10:00 | 06/11/2019 Economy
(VEN) - ASEAN countries are paying more attention to attracting foreign direct investment (FDI). For example, Thailand and Indonesia have provided packages of incentives for foreign companies wishing to relocate production from China. To maintain its attractiveness, Vietnam also needs to improve its competitiveness further.
According to the World Investment Report 2019, FDI inflows to developing Asia rose by four percent to US$512 billion in 2018. Growth occurred mainly in China, Hong Kong (China), Singapore, Indonesia and other ASEAN countries. Inflows to China increased by four percent to an all-time high of US$139 billion. Flows to Southeast Asia were up three percent to a record level of US$149 billion. Robust investment from other Asian economies, including investment diversion and relocations of manufacturing activity from China, supported FDI growth in the region. Strong intra-ASEAN investments also contributed to the trend.
The growth in FDI was mostly driven by an increase in investment in Singapore, Indonesia, Vietnam and Thailand. Manufacturing and services, particularly finance, retail and wholesale trade, including the digital economy continued to underpin rising inflows to this sub-region.
The report also shows that Vietnam ranked 21st among FDI recipients in the world and third in ASEAN after Singapore and Indonesia.
To increase FDI attraction, some ASEAN countries have provided incentives in accordance with the needs of investors.
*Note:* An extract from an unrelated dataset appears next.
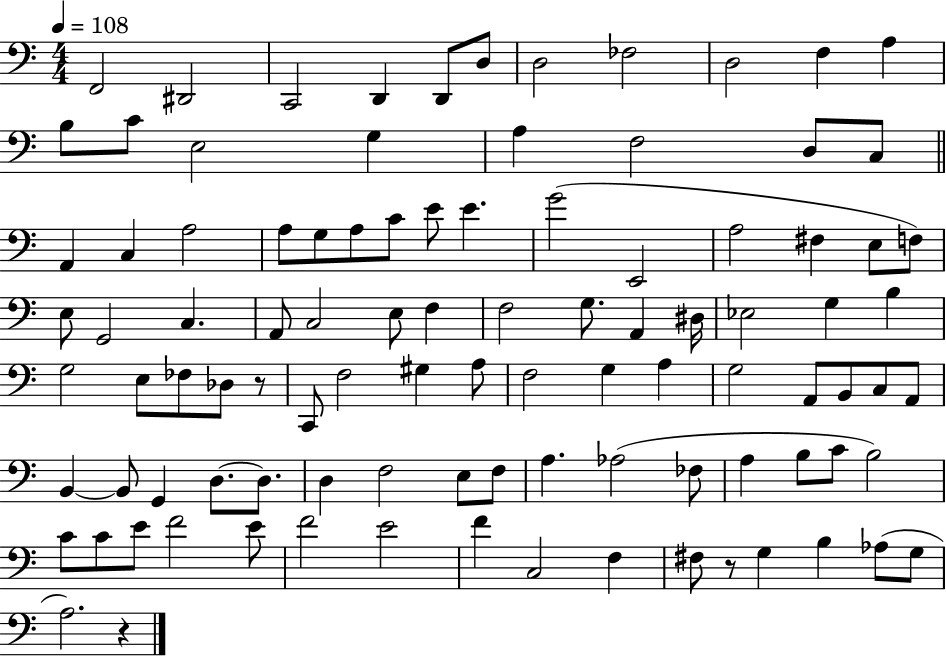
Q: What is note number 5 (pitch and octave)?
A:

For example, Thailand is now speeding up the licensing process for foreign investors and further cutting taxes in key industries to increase its attractiveness. The Thai government aims to attract US$24.5 billion in FDI in 2019, focusing on foreign companies wishing to relocate their production facilities from China.
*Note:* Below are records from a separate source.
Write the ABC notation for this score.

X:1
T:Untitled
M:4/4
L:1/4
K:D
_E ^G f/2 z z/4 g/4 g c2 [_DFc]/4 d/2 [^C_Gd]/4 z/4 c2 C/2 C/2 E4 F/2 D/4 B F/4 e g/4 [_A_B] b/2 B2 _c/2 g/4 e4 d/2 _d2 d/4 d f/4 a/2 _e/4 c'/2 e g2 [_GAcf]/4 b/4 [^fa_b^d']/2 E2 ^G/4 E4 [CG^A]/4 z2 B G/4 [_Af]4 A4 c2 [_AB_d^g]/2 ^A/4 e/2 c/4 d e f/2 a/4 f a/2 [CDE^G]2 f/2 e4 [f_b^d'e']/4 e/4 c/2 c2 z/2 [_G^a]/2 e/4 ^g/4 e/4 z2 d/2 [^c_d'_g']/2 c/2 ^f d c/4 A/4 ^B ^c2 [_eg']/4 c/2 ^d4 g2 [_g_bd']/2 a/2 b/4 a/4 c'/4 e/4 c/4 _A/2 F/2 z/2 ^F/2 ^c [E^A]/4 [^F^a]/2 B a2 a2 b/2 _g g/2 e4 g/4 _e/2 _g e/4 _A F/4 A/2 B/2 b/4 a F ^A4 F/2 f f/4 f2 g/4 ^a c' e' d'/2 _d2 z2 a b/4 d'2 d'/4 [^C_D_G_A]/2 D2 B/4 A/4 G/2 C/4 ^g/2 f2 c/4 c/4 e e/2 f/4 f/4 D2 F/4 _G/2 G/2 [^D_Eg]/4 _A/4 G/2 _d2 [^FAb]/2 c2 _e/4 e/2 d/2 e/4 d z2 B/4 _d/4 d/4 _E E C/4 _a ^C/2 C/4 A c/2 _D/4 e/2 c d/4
Indonesia is also applying measures to attract FDI and is considered the best market in Southeast Asia in terms of investment opportunity.
FDI inflows into Vietnam are on the rise. According to the Foreign Investment Agency, Vietnam attracted more than US$26 billion in FDI in the first nine months of the year, up 3.1 percent over the same period last year.
Tran Toan Thang, head of the World Economic Department under the Ministry of Planning and Investment’s National Center for Socioeconomic Information and Forecast, said FDI attraction is a competition between countries, so Vietnam needs to create an open investment environment and further improve its competitiveness in order to attract foreign investors.
One of the highlights of Vietnam’s planned investment attraction strategy is a focus on output quality and contributions to the domestic sectors. These include the value chain, added value, application, and transfer of high technology, as well as research and development and innovation, rather than the previous focus on location, sectors, and investment scale.
Vietnam’s top priorities for FDI attraction in the coming years will include IT and telecommunications, advanced
electronics, automobiles, agricultural machinery, support industries, research and development, the internet of things,
and artificial intelligence, among others.